## [GIVEN MATERIAL]
....
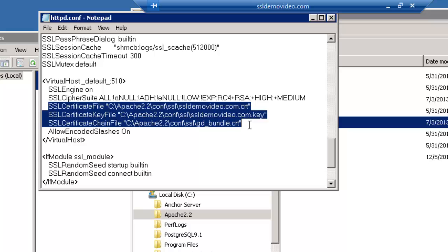This concludes a video on how to configure SSL for your Apache web server. Thank you.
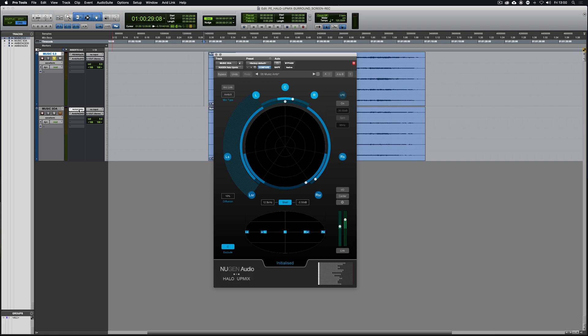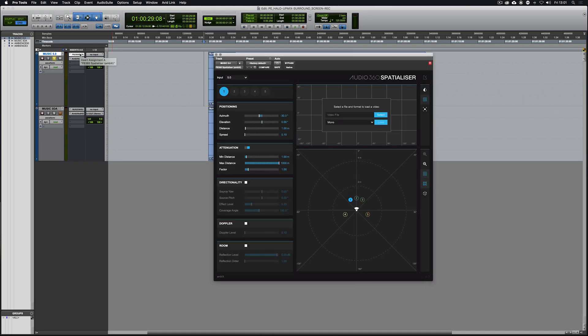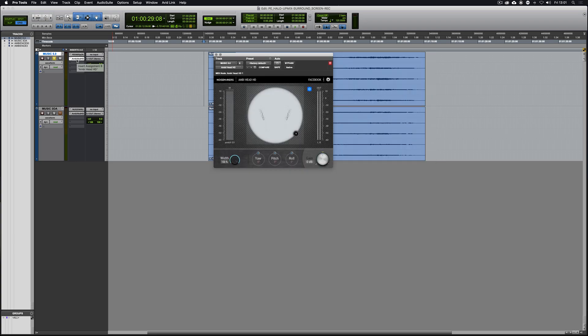Here we have the interface for Halo Upmix and what I'm going to do to start off with is play the original surround recording. In order to encode this to binaural I'm going to run it through the Facebook 360 spatialiser, which will take the 5.0 surround recording and put it into an ambisonic sound field. This will then go through AmbiHeadHD and be encoded to binaural. So let's have a listen to this.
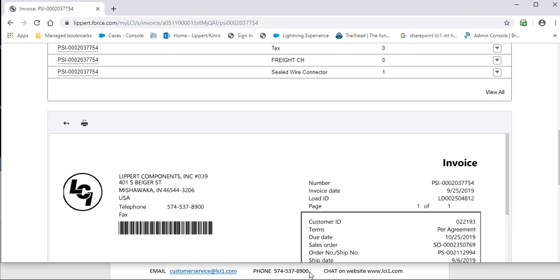Or while you're on our website, please utilize the chat feature for your convenience. Thank you.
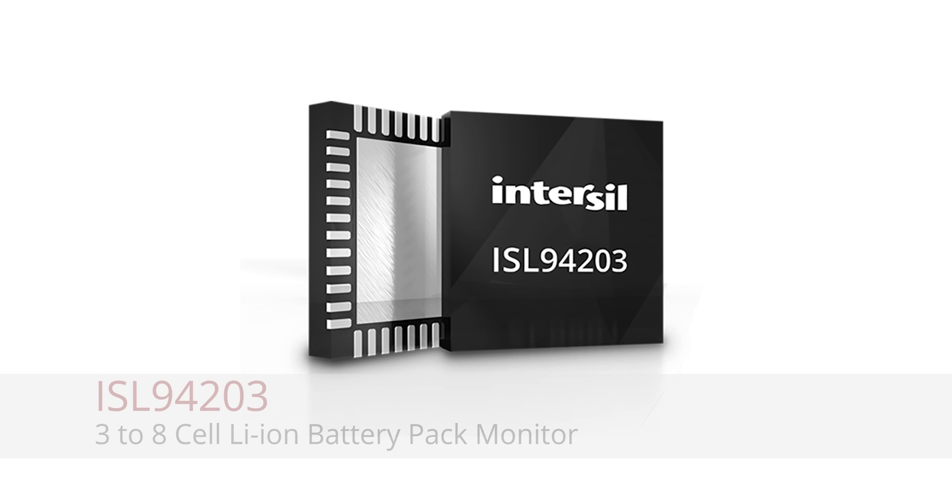Hello, my name is Dan Goodhue and I'm an applications engineer for Intersil. Today I'd like to talk to you about the ISL94203 battery management IC.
....
## [AIM OF THE EXERCISE]
Except for the pictures, please retype the listing above exactly.

## [YOUR SOLUTION]
This concludes a video on how to configure SSL for your Apache web server. Thank you.
Here we have the interface for Halo Upmix and what I'm going to do to start off with is play the original surround recording. In order to encode this to binaural I'm going to run it through the Facebook 360 spatialiser, which will take the 5.0 surround recording and put it into an ambisonic sound field. This will then go through AmbiHeadHD and be encoded to binaural. So let's have a listen to this.
Or while you're on our website, please utilize the chat feature for your convenience. Thank you.
Hello, my name is Dan Goodhue and I'm an applications engineer for Intersil. Today I'd like to talk to you about the ISL94203 battery management IC.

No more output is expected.